Task details:
Your response should consist of every entry, unchanged.

Collected data entries:
= Beginning of Section =

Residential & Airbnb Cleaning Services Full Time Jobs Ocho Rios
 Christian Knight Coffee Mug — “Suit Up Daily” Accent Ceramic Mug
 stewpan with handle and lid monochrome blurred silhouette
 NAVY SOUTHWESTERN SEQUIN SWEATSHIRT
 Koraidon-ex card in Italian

= End of Section =

Your response:
Residential & Airbnb Cleaning Services Full Time Jobs Ocho Rios
 Christian Knight Coffee Mug — “Suit Up Daily” Accent Ceramic Mug
 stewpan with handle and lid monochrome blurred silhouette
 NAVY SOUTHWESTERN SEQUIN SWEATSHIRT
 Koraidon-ex card in Italian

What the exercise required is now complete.